Решебник по геометрии 9 класс Мерзляк Задание 219

\[Схематический\ рисунок.\]

\[Дано:\]

\[ABC\ldots - правильный\]

\[восьмиугольник;\]

\[O - центр\ опис.\ окружности;\]

\[AB = a.\]

\[Найти:\]

\[AC;\ AD;\ AE.\]

\[Решение:\]

\[1)\ 8 \bullet \angle B = 6 \bullet 180{^\circ}\]

\[8 \bullet \angle B = 1080{^\circ}\ \ \ \]

\[\angle B = 135{^\circ}.\]

\[\angle D = \angle C = \angle B = 135{^\circ}.\]

\[2)\ AE - диаметр;\]

\[\angle ACE = \angle ADE = 90{^\circ}.\]

\[3)\ В\ \mathrm{\Delta}ABC:\]

\[AC^{2} = AB^{2} + BC^{2} - 2AB \bullet BC\cos{\angle B} =\]

\[= a^{2} + a^{2} - 2a \bullet a \bullet \cos{135{^\circ}} =\]

\[= 2a^{2} + 2a^{2} \bullet \frac{\sqrt{2}}{2} = a^{2}\left( 2 + \sqrt{2} \right);\]

\[AC = a\sqrt{2 + \sqrt{2}}.\]

\[4)\ В\ \mathrm{\Delta}ACE:\]

\[CE = AC = a\sqrt{2 + \sqrt{2}};\]

\[AE = \sqrt{AC^{2} + CE^{2}} =\]

\[= \sqrt{2a^{2}\ \left( 2 + \sqrt{2} \right)} =\]

\[= a\sqrt{4 + 2\sqrt{2}}.\]

\[5)\ В\ \mathrm{\Delta}ADE:\]

\[AD = \sqrt{AE^{2} - DE^{2}} =\]

\[= \sqrt{a^{2}\left( 4 + 2\sqrt{2} \right) - a^{2}} =\]

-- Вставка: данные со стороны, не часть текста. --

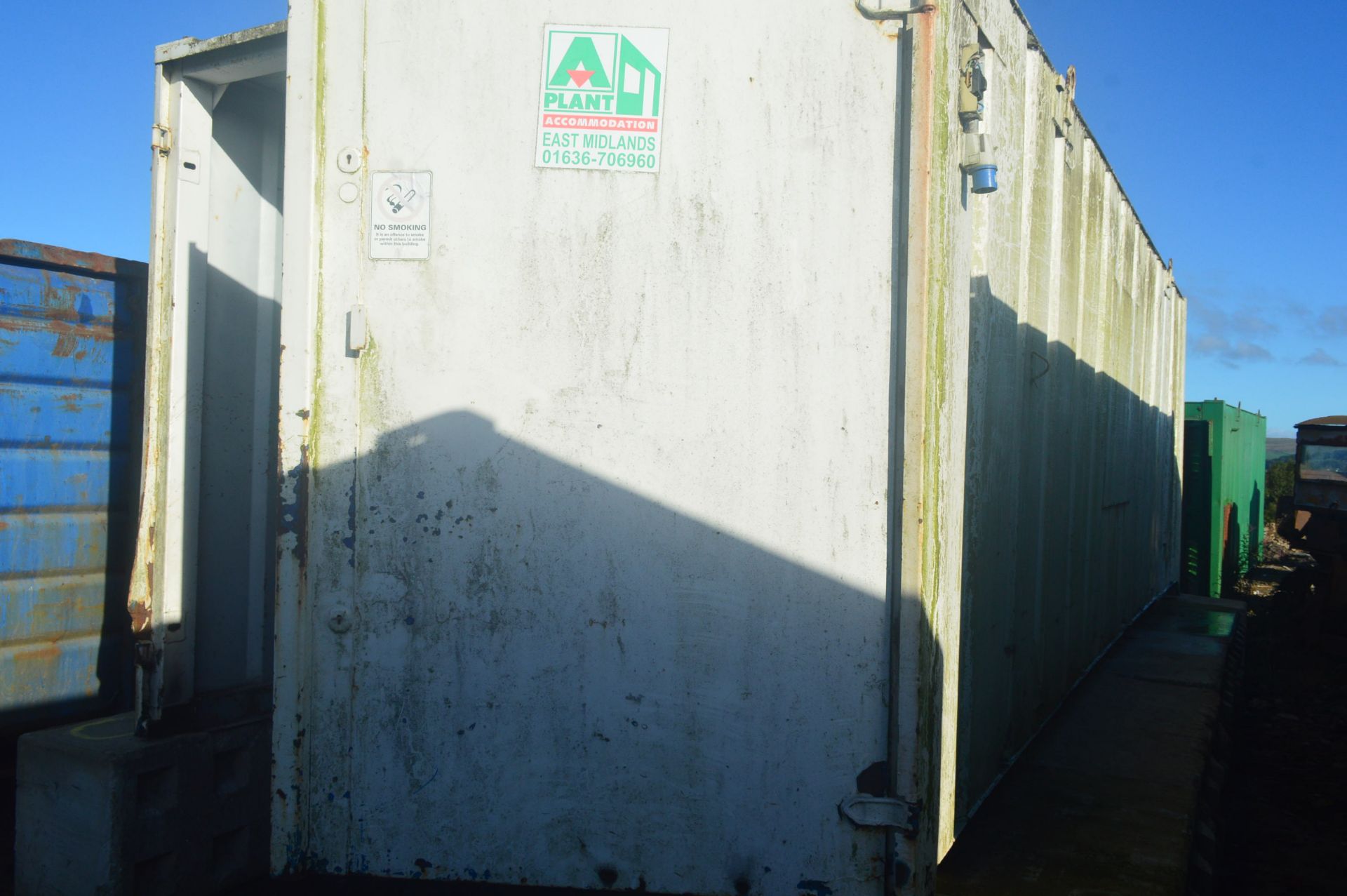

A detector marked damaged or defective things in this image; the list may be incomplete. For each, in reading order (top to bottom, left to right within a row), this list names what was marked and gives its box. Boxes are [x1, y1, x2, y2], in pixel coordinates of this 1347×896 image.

rusted metal panel [0, 241, 146, 733]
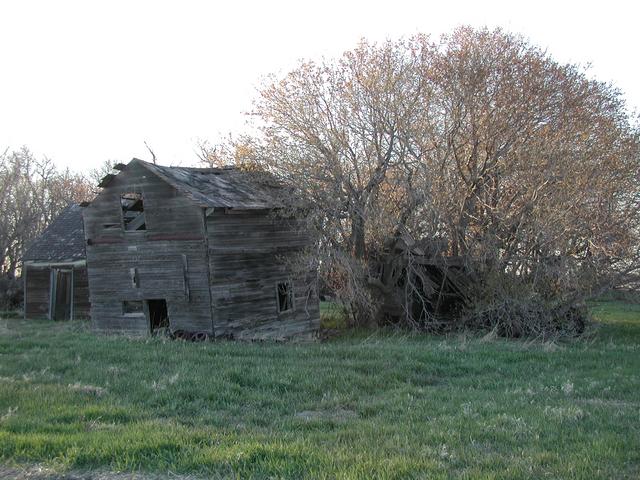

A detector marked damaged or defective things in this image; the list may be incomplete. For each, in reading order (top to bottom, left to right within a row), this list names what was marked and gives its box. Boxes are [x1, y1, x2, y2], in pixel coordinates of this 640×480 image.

broken window [121, 192, 146, 232]
broken window [122, 300, 143, 316]
broken window [276, 280, 294, 314]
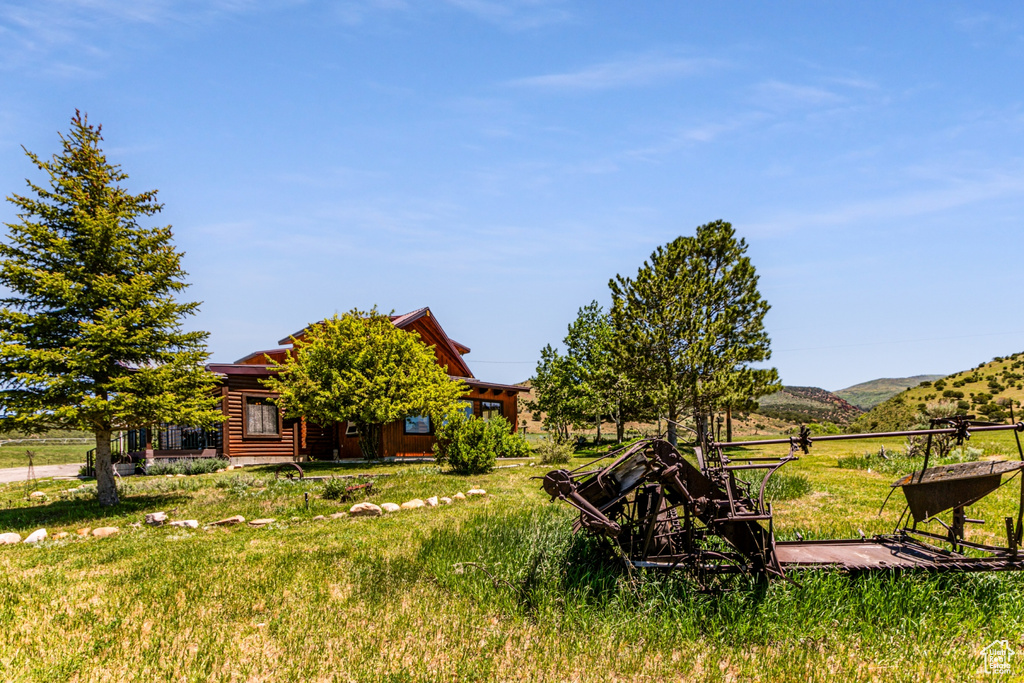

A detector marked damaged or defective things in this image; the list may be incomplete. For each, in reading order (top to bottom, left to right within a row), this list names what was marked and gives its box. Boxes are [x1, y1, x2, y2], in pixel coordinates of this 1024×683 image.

rusty antique farm implement [544, 417, 1024, 581]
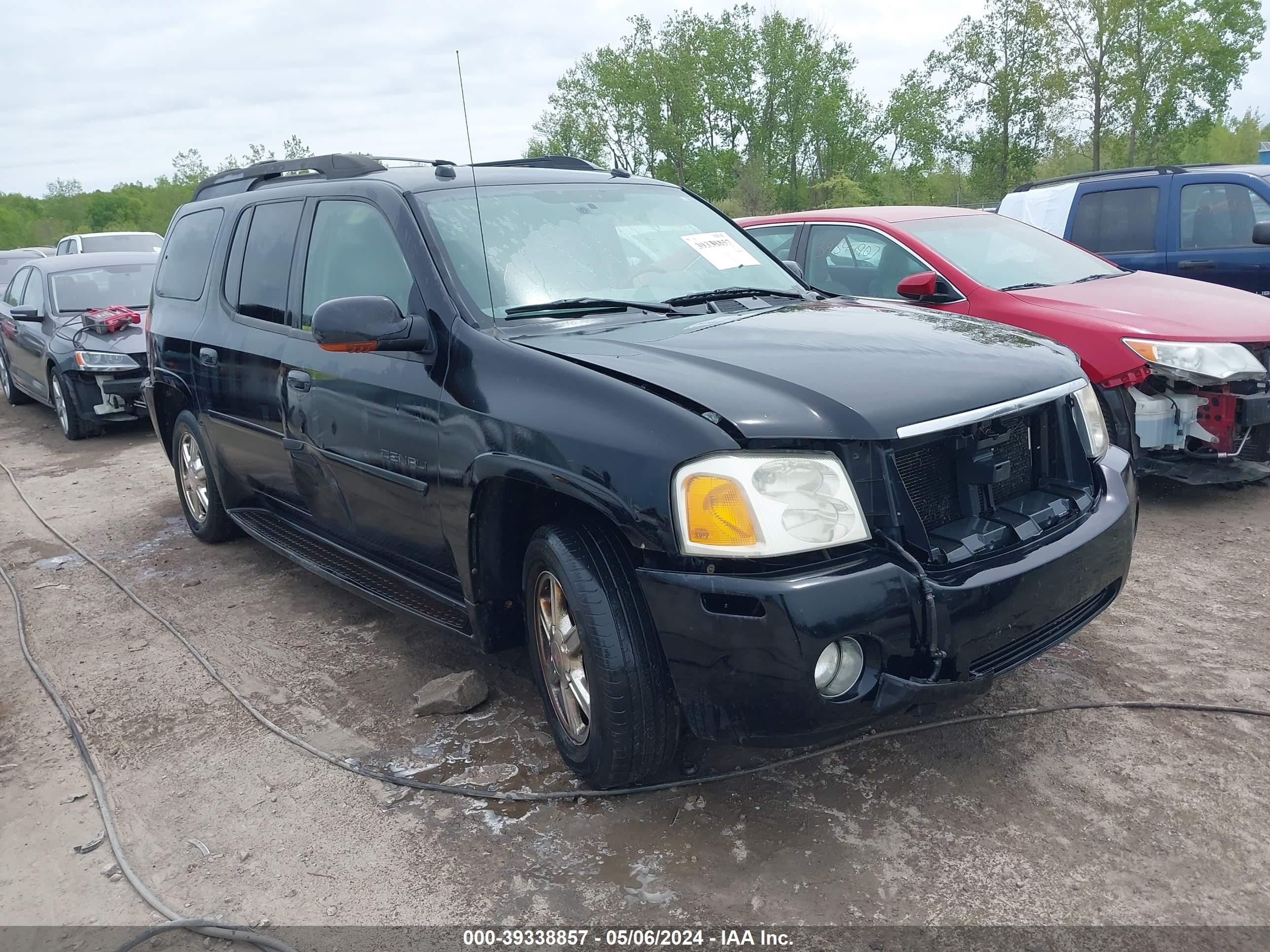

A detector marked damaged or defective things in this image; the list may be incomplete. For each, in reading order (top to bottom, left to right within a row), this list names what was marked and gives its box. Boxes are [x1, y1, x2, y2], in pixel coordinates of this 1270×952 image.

crumpled hood [1018, 270, 1270, 341]
cracked headlight assembly [74, 351, 139, 373]
crumpled hood [505, 298, 1081, 440]
cracked headlight assembly [1128, 339, 1262, 384]
cracked headlight assembly [670, 455, 868, 560]
damaged front bumper [639, 447, 1136, 745]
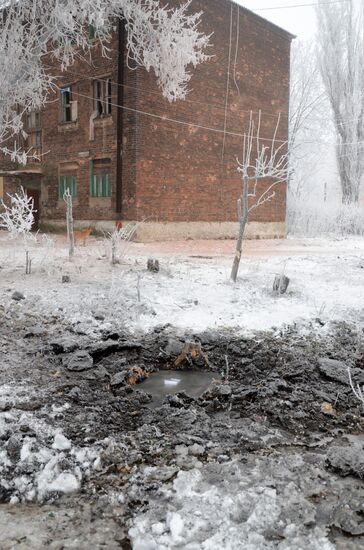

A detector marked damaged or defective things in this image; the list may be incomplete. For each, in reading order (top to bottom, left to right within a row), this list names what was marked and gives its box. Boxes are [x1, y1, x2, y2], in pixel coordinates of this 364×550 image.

broken window [60, 86, 77, 123]
broken window [93, 78, 111, 116]
damaged facade [0, 1, 292, 240]
broken window [89, 158, 111, 197]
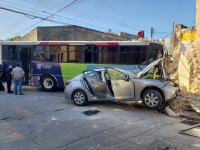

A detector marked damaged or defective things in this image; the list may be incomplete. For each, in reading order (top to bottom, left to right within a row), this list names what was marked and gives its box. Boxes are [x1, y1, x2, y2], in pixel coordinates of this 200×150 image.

crashed car [64, 58, 180, 109]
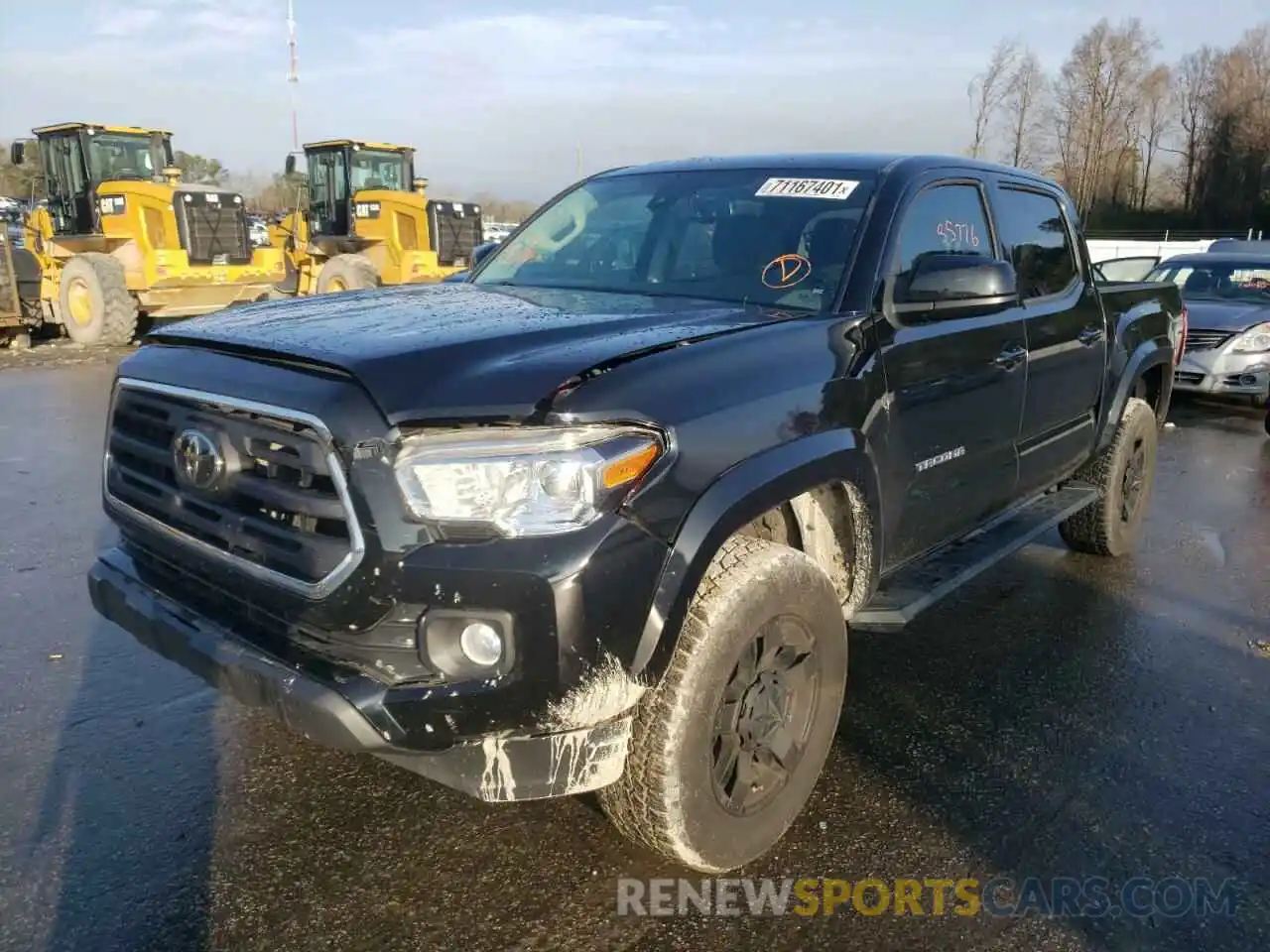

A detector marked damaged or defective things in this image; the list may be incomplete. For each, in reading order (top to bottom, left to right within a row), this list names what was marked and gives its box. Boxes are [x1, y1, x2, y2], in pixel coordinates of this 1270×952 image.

damaged front bumper [89, 550, 635, 807]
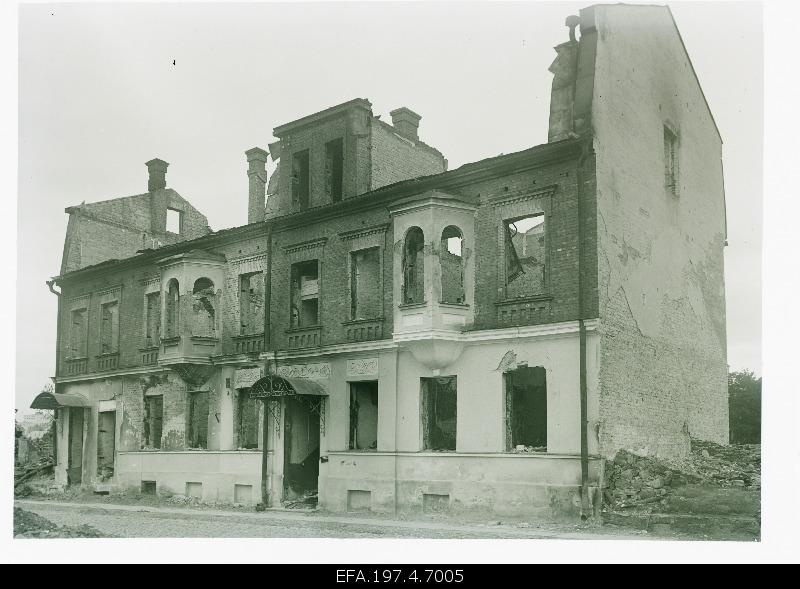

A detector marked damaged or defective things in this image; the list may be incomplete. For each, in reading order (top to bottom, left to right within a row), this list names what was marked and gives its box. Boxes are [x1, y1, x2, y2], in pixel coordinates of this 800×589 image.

damaged brick facade [40, 5, 728, 520]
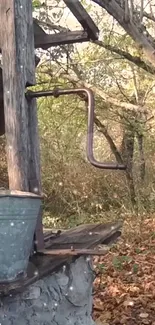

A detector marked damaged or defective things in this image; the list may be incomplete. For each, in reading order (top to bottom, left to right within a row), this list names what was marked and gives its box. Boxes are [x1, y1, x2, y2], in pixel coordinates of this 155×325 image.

rusty pipe [26, 87, 126, 171]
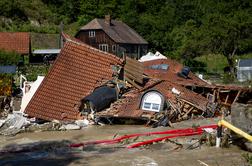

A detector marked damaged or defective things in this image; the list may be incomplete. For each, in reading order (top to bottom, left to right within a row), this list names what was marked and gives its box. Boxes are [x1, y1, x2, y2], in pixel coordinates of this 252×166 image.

damaged roof [0, 32, 29, 55]
damaged roof [79, 18, 148, 44]
damaged roof [25, 33, 123, 120]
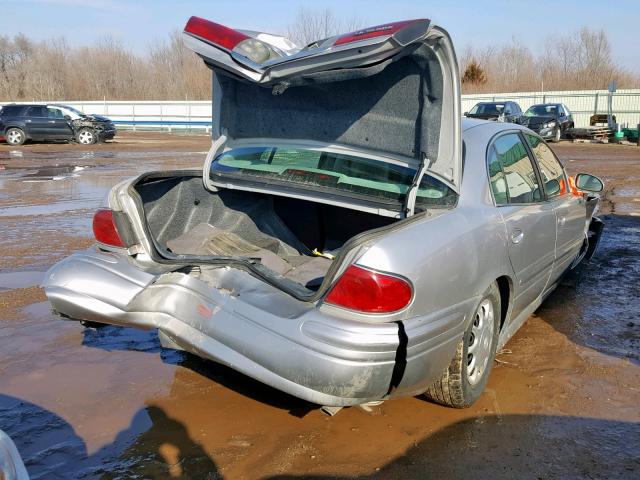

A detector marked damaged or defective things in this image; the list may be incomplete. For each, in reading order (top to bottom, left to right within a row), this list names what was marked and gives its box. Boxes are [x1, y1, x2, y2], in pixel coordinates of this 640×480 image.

torn bumper cover [42, 249, 462, 406]
damaged rear bumper [45, 249, 464, 406]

\[= \sqrt{a^{2}\left( 3 + 2\sqrt{2} \right)} =\]

\[= a\sqrt{2 + 2\sqrt{2} + 1} =\]

\[= a\sqrt{\left( \sqrt{2} + 1 \right)^{2}} = a\left( \sqrt{2} + 1 \right).\]

\[Ответ:\ \ a\sqrt{2 + \sqrt{2}};\ a\left( \sqrt{2} + 1 \right);\ \]

\[\text{\ \ \ \ \ \ \ \ \ \ \ \ \ \ \ \ a}\sqrt{4 + 2\sqrt{2}}.\]